By 1889 however, the Federal Council – due to lack of co-operation between the colonies – had failed to deliver a unified defence program. In October of that year, Henry Parkes, in his Tenterfield Oration to mark the completion of the Sydney to Brisbane railway, appealed that having a national defence force under one central control was one of the incentives for federation. He endorsed comments from the British Imperial General, Major-General Sir Bevan Edwards as the conscience for this cause. Edwards had inspected the colonial forces and had been compelled to question the effectiveness of an “army without a central executive to guide its movements.” (Crowley, 1980:281). It was fuel for Parkes’ pro-federation speech, and driven by wild applause he further pushed Edwards’ message:
Believing as he did that it was essential to preserve the integrity and security of these colonies that the whole of their forces should be amalgamated into one great federal army, feeling this, and seeing no other means of attaining the end, it seemed to him that the time was close at hand when they ought to set about creating this great national government for all Australia. [Parkes appropriately added that, with the completed Brisbane to Sydney railway]: They had now, from South Australia to Queensland, a stretch of about 2000 miles of railway, and if the four colonies could only combine to adopt a uniform gauge, it would be an immense advantage in the movement of troops. (Crowley, 1980:281).
A ‘White Australia’
To parallel the colonies’ fear of invasion was the “fear and loathing of other races.” (Alomes and Jones, 1991:125). Henningham summarises both:
Australia’s geography – further from the colonist’s ‘home’ than almost any place on earth, and separated by only a narrow sea passage from the ‘teeming millions’ of Asia – resulted in the development of a xenophobic, isolationist world view, in which psychological barriers were erected against near neighbours. (Henningham, 1995, p 2).
Fuelled by the concept of Social Darwinism, the colonists were also anxious to maintain white purity which was under threat of ‘decay’ from the Indigenous population, and more predominantly, from the ‘invasion’ of Chinese who had arrived as diggers on the goldfields some decades earlier. “Anti-Chinese paranoia” (Kingston, 1993:137) however, extended beyond the arguments of Social Darwinism.
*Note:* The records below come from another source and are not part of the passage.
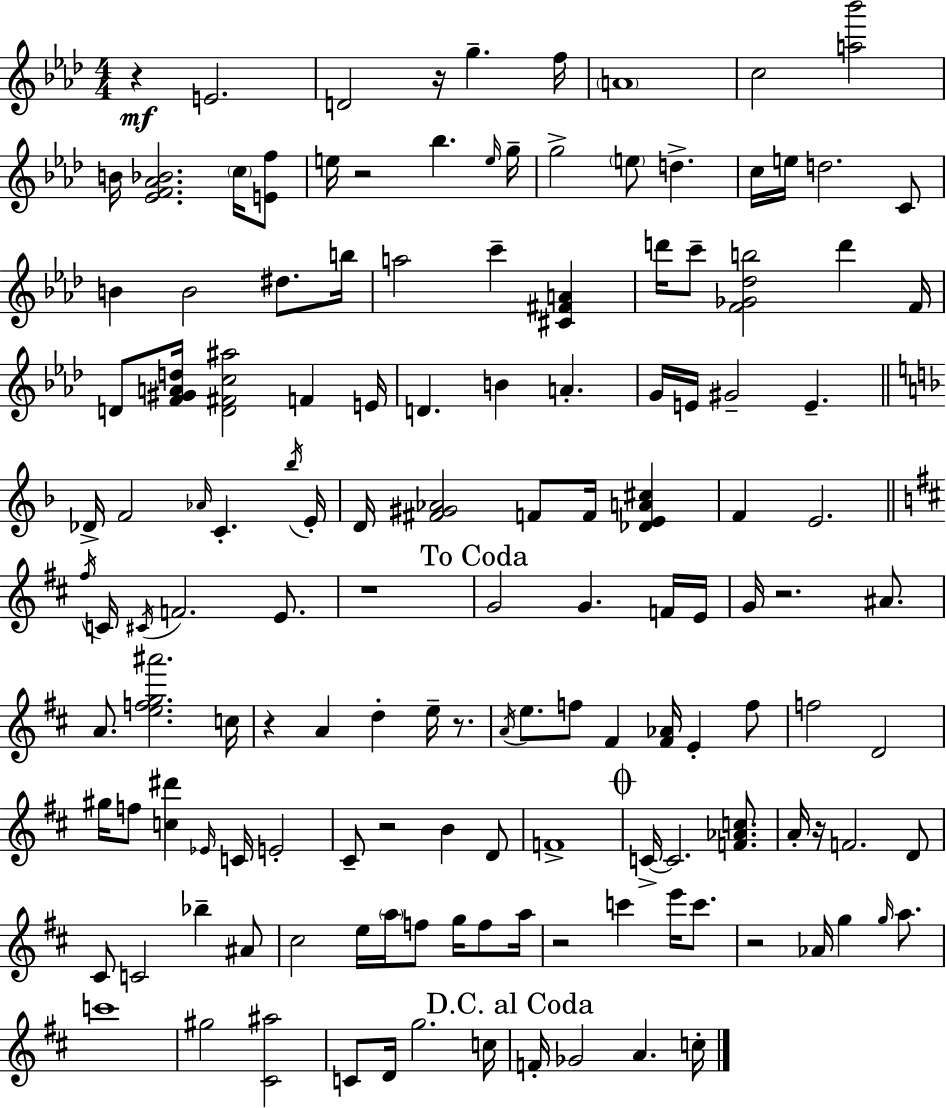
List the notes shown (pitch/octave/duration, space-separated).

R/q E4/h. D4/h R/s G5/q. F5/s A4/w C5/h [A5,Bb6]/h B4/s [Eb4,F4,Ab4,Bb4]/h. C5/s [E4,F5]/e E5/s R/h Bb5/q. E5/s G5/s G5/h E5/e D5/q. C5/s E5/s D5/h. C4/e B4/q B4/h D#5/e. B5/s A5/h C6/q [C#4,F#4,A4]/q D6/s C6/e [F4,Gb4,Db5,B5]/h D6/q F4/s D4/e [F4,G#4,A4,D5]/s [D4,F#4,C5,A#5]/h F4/q E4/s D4/q. B4/q A4/q. G4/s E4/s G#4/h E4/q. Db4/s F4/h Ab4/s C4/q. Bb5/s E4/s D4/s [F#4,G#4,Ab4]/h F4/e F4/s [Db4,E4,A4,C#5]/q F4/q E4/h. F#5/s C4/s C#4/s F4/h. E4/e. R/w G4/h G4/q. F4/s E4/s G4/s R/h. A#4/e. A4/e. [E5,F5,G5,A#6]/h. C5/s R/q A4/q D5/q E5/s R/e. A4/s E5/e. F5/e F#4/q [F#4,Ab4]/s E4/q F5/e F5/h D4/h G#5/s F5/e [C5,D#6]/q Eb4/s C4/s E4/h C#4/e R/h B4/q D4/e F4/w C4/s C4/h. [F4,Ab4,C5]/e. A4/s R/s F4/h. D4/e C#4/e C4/h Bb5/q A#4/e C#5/h E5/s A5/s F5/e G5/s F5/e A5/s R/h C6/q E6/s C6/e. R/h Ab4/s G5/q G5/s A5/e. C6/w G#5/h [C#4,A#5]/h C4/e D4/s G5/h. C5/s F4/s Gb4/h A4/q. C5/s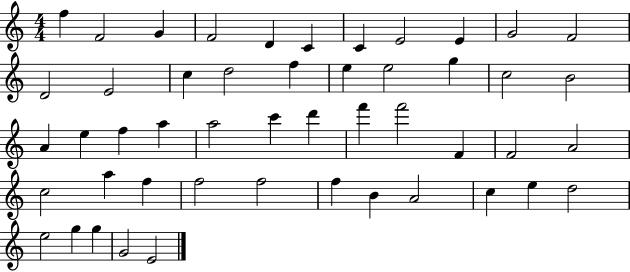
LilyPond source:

{
  \clef treble
  \numericTimeSignature
  \time 4/4
  \key c \major
  f''4 f'2 g'4 | f'2 d'4 c'4 | c'4 e'2 e'4 | g'2 f'2 | \break d'2 e'2 | c''4 d''2 f''4 | e''4 e''2 g''4 | c''2 b'2 | \break a'4 e''4 f''4 a''4 | a''2 c'''4 d'''4 | f'''4 f'''2 f'4 | f'2 a'2 | \break c''2 a''4 f''4 | f''2 f''2 | f''4 b'4 a'2 | c''4 e''4 d''2 | \break e''2 g''4 g''4 | g'2 e'2 | \bar "|."
}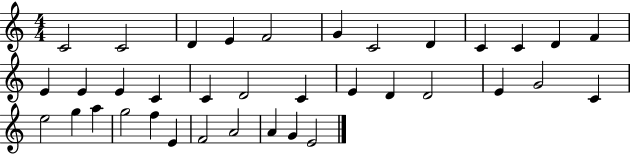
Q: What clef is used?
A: treble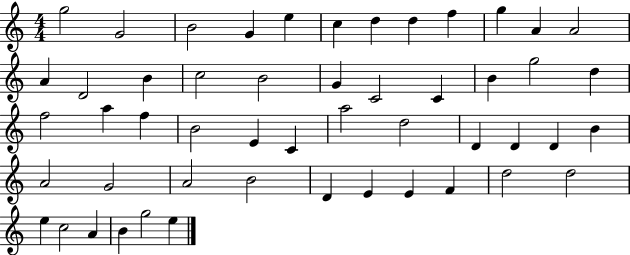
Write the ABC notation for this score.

X:1
T:Untitled
M:4/4
L:1/4
K:C
g2 G2 B2 G e c d d f g A A2 A D2 B c2 B2 G C2 C B g2 d f2 a f B2 E C a2 d2 D D D B A2 G2 A2 B2 D E E F d2 d2 e c2 A B g2 e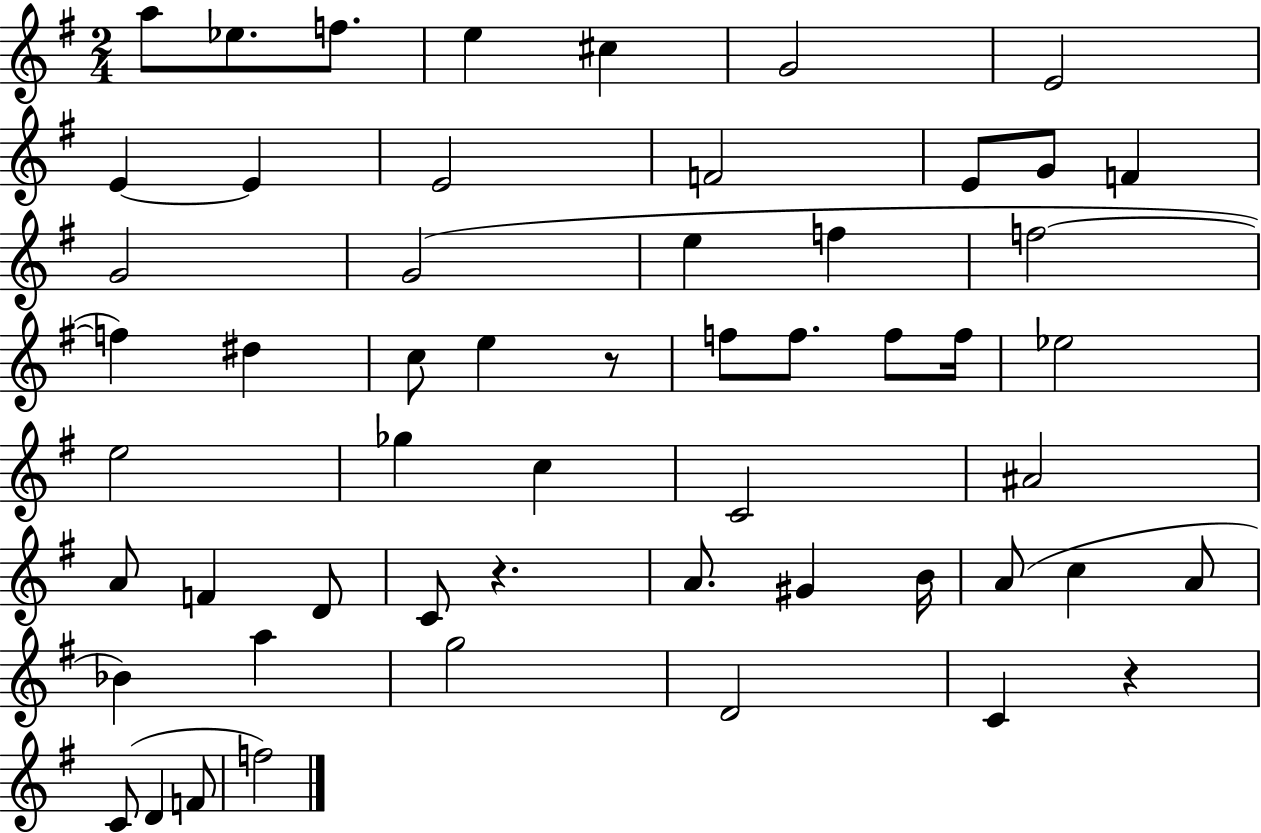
A5/e Eb5/e. F5/e. E5/q C#5/q G4/h E4/h E4/q E4/q E4/h F4/h E4/e G4/e F4/q G4/h G4/h E5/q F5/q F5/h F5/q D#5/q C5/e E5/q R/e F5/e F5/e. F5/e F5/s Eb5/h E5/h Gb5/q C5/q C4/h A#4/h A4/e F4/q D4/e C4/e R/q. A4/e. G#4/q B4/s A4/e C5/q A4/e Bb4/q A5/q G5/h D4/h C4/q R/q C4/e D4/q F4/e F5/h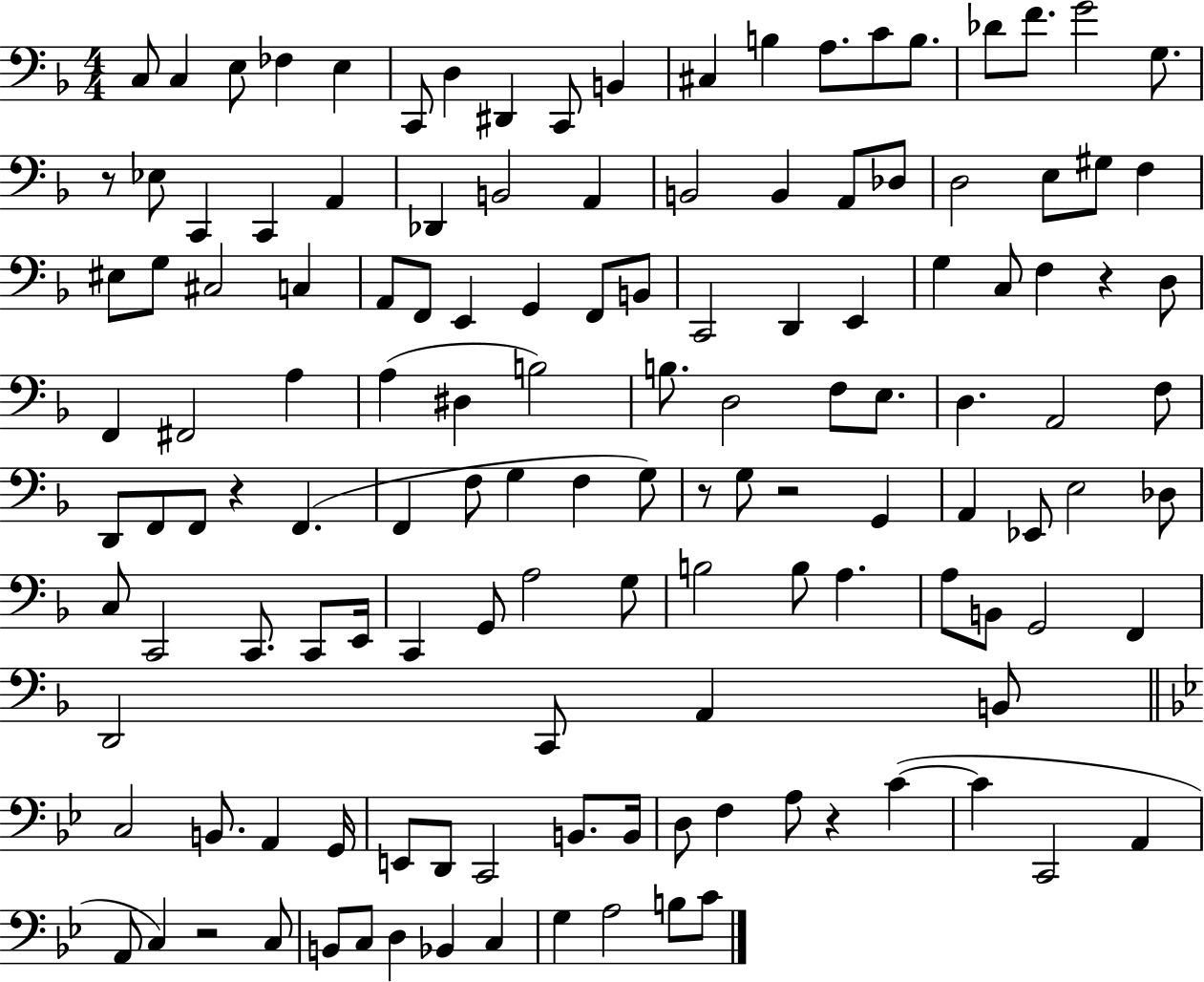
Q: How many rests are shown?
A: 7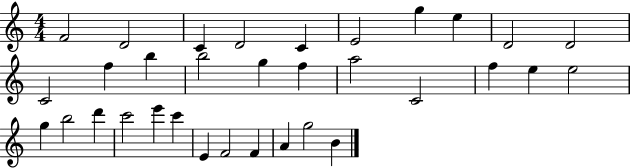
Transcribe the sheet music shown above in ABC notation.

X:1
T:Untitled
M:4/4
L:1/4
K:C
F2 D2 C D2 C E2 g e D2 D2 C2 f b b2 g f a2 C2 f e e2 g b2 d' c'2 e' c' E F2 F A g2 B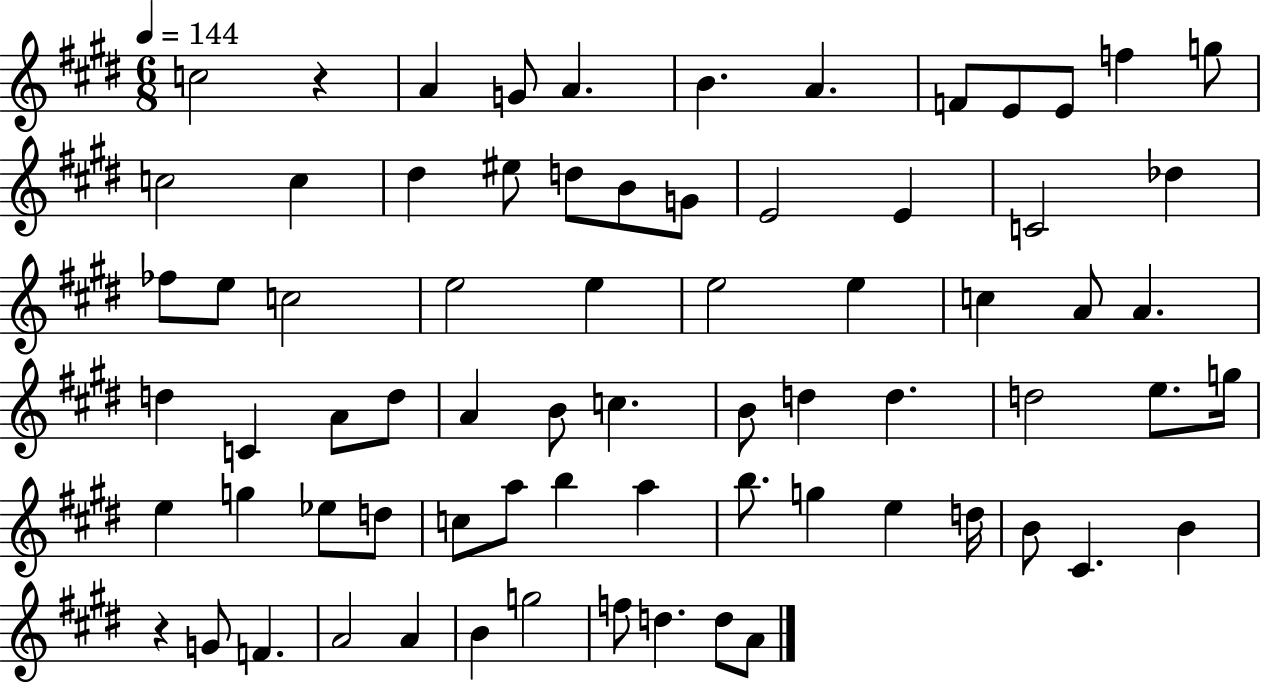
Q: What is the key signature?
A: E major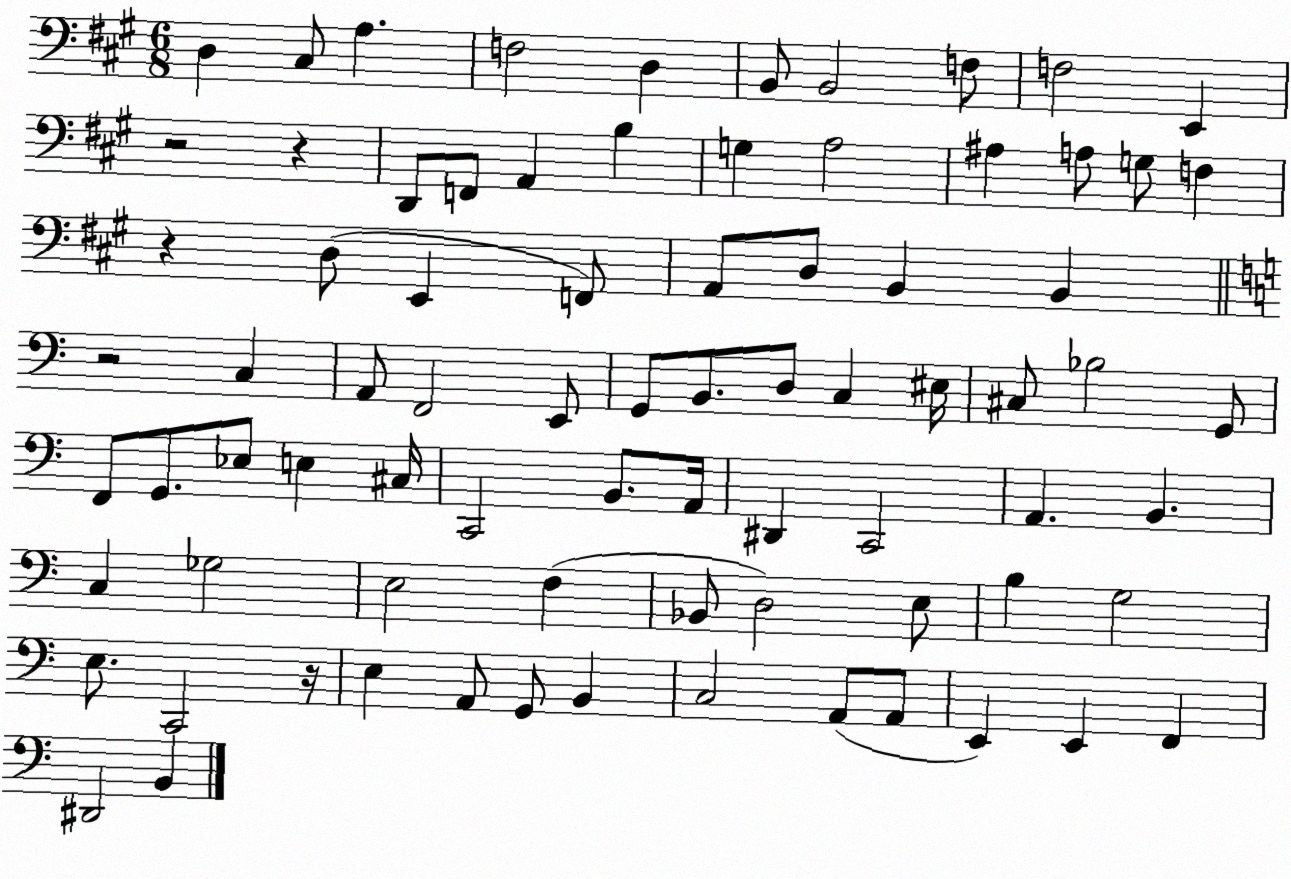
X:1
T:Untitled
M:6/8
L:1/4
K:A
D, ^C,/2 A, F,2 D, B,,/2 B,,2 F,/2 F,2 E,, z2 z D,,/2 F,,/2 A,, B, G, A,2 ^A, A,/2 G,/2 F, z D,/2 E,, F,,/2 A,,/2 D,/2 B,, B,, z2 C, A,,/2 F,,2 E,,/2 G,,/2 B,,/2 D,/2 C, ^E,/4 ^C,/2 _B,2 G,,/2 F,,/2 G,,/2 _E,/2 E, ^C,/4 C,,2 B,,/2 A,,/4 ^D,, C,,2 A,, B,, C, _G,2 E,2 F, _B,,/2 D,2 E,/2 B, G,2 E,/2 C,,2 z/4 E, A,,/2 G,,/2 B,, C,2 A,,/2 A,,/2 E,, E,, F,, ^D,,2 B,,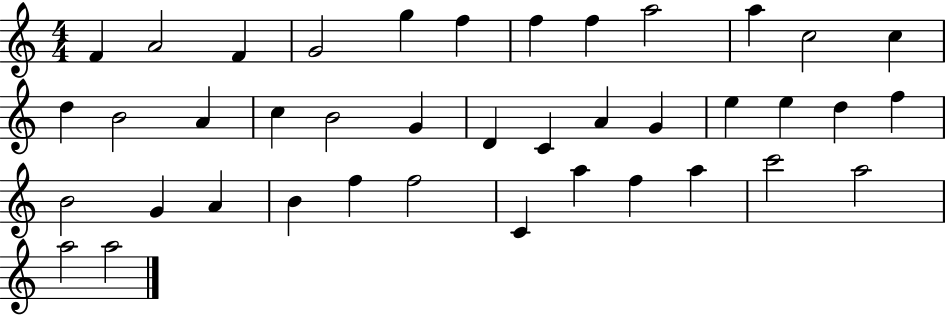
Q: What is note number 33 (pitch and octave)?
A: C4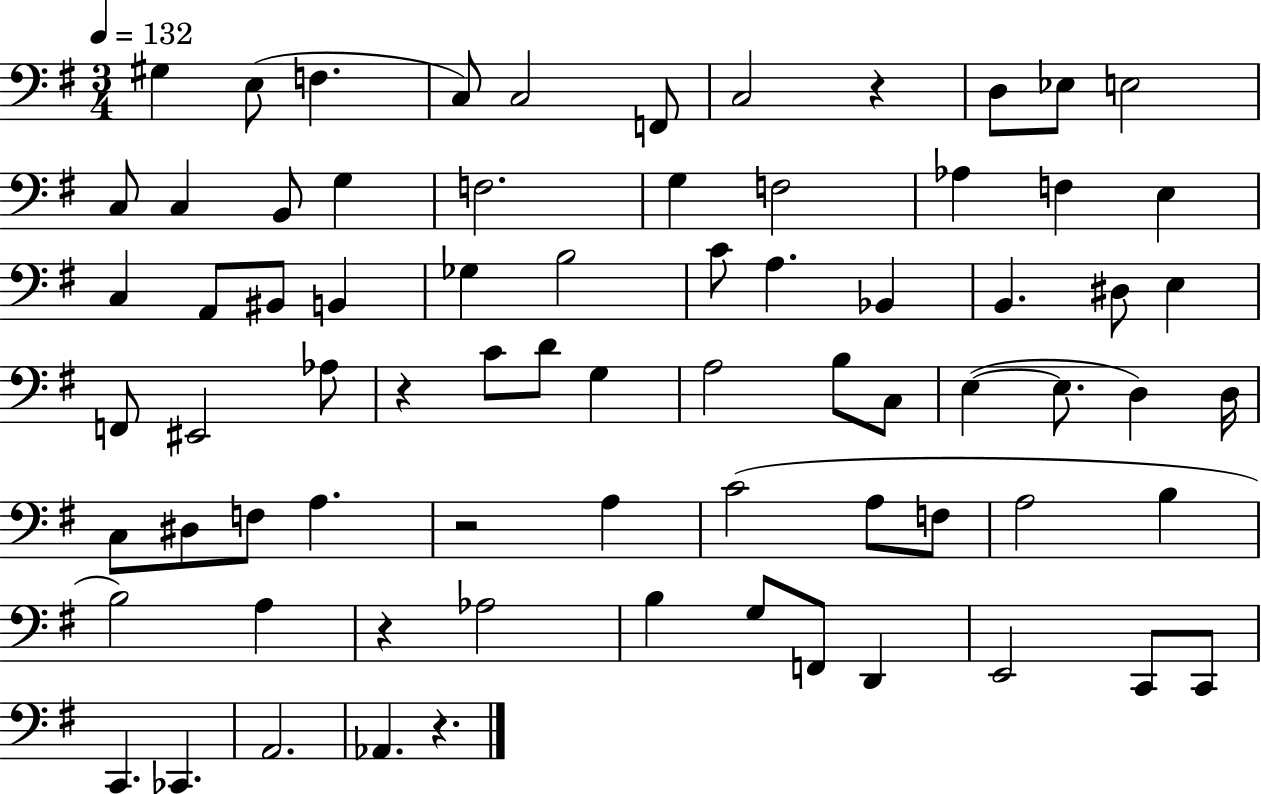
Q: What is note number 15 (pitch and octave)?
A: F3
Fostered as anti-Christian by the popular press, and with government enquiries into their alleged gambling habits and drug use, the Chinese were seen as the mental and moral corrupters of society. The anti-Chinese sentiment was also extended to an anxiety about economic competition given that in a variety of lowly occupations the Chinese were seen as a threat to wages and conditions, due to their acceptance of both at a level below the standards of the white worker. Such sentiments were also directed towards the Kanakas: the Pacific Islanders employed in large numbers in the Queensland sugar industry.
Adopting their own measures the individual colonies passed legislations limiting Chinese immigration. The colonists, being mainly Britannic Australians and intolerant of all races except the Anglo-Saxon, wanted it kept that way. Uniform immigration policies under the guise of federation would endorse this sentiment – without interference from the racially tolerant British.
This draws two conclusions: that one of the foundations of Australia is racism; and that Federation was the rationale to maintain white superiority. Subsequently, the first act of the new parliament was the Immigration Restriction Act which gave Australia national immigration policies such as the White Australia Policy. ‘White Australia,’ was designed to keep out Asian migrants and serve as “an ideological function in reinforcing the concept of an all-white nation.” (McGrath, 1995:365).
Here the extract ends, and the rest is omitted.